To do: From the line containing "JH DUTCH PIPES & DRUMS" to the last line of the data, both included, transcribe each line exactly, leaving out pictures and adding nothing.

Data extracts:
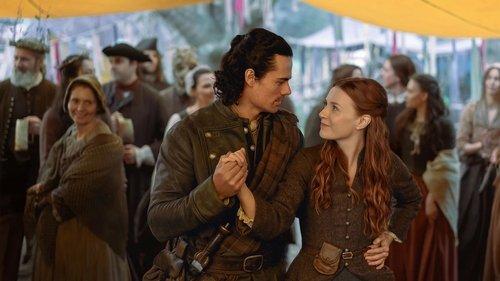 undefined Season 1 Episode 5 - Needfire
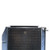 Original Reproduction Radiator Assembly with Shroud (Brass/Copper Core) Fits  41-52 MB, GPW, CJ-2A, M38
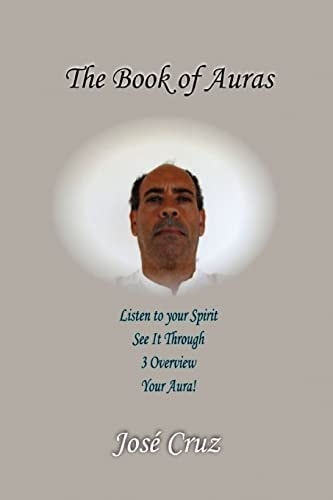 The Book of Auras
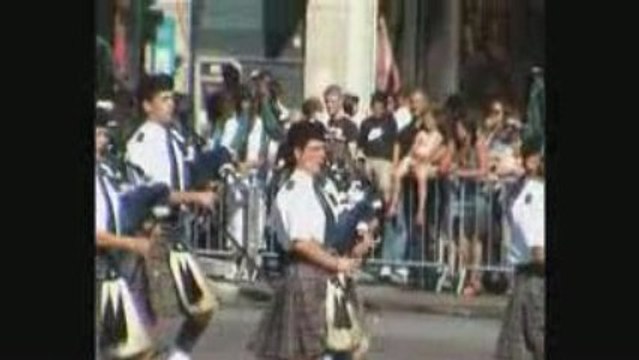 JH DUTCH PIPES & DRUMS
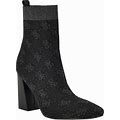 GUESS Women's Yonel Ankle Boot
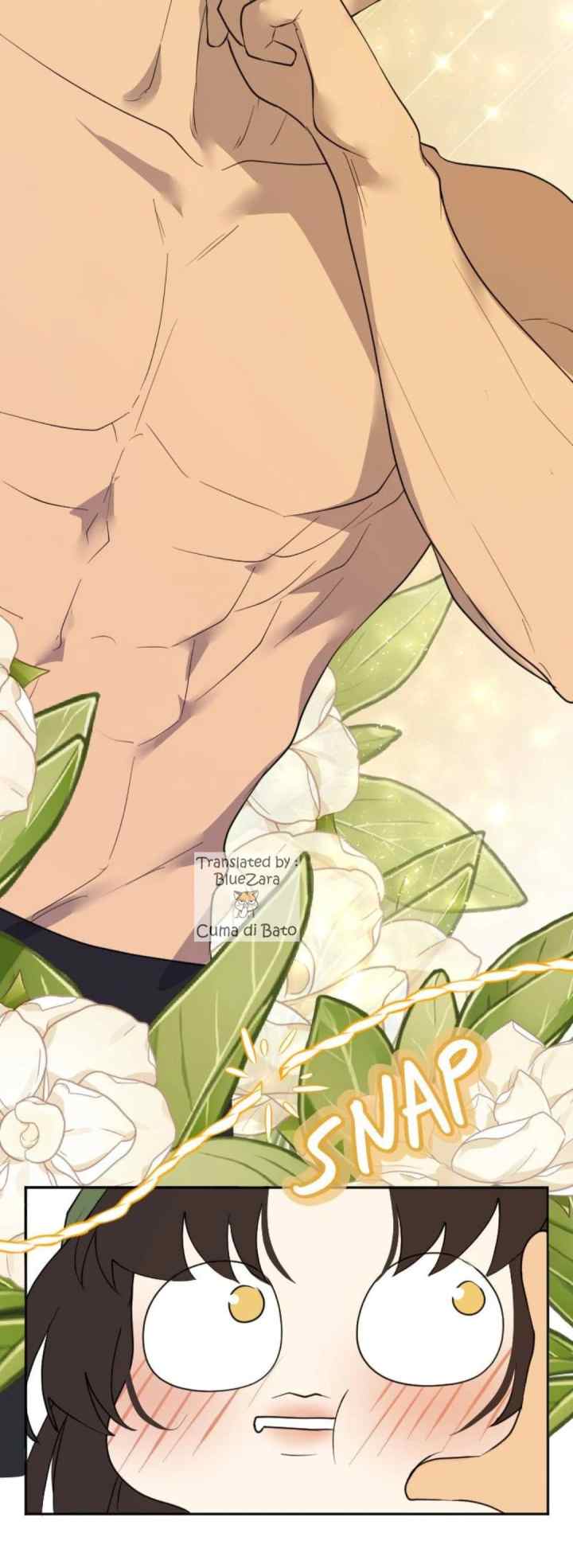 Her Wish To Be Isekai'd chapter 60 halaman 12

Answer to this task:
 JH DUTCH PIPES & DRUMS
 GUESS Women's Yonel Ankle Boot
 Her Wish To Be Isekai'd chapter 60 halaman 12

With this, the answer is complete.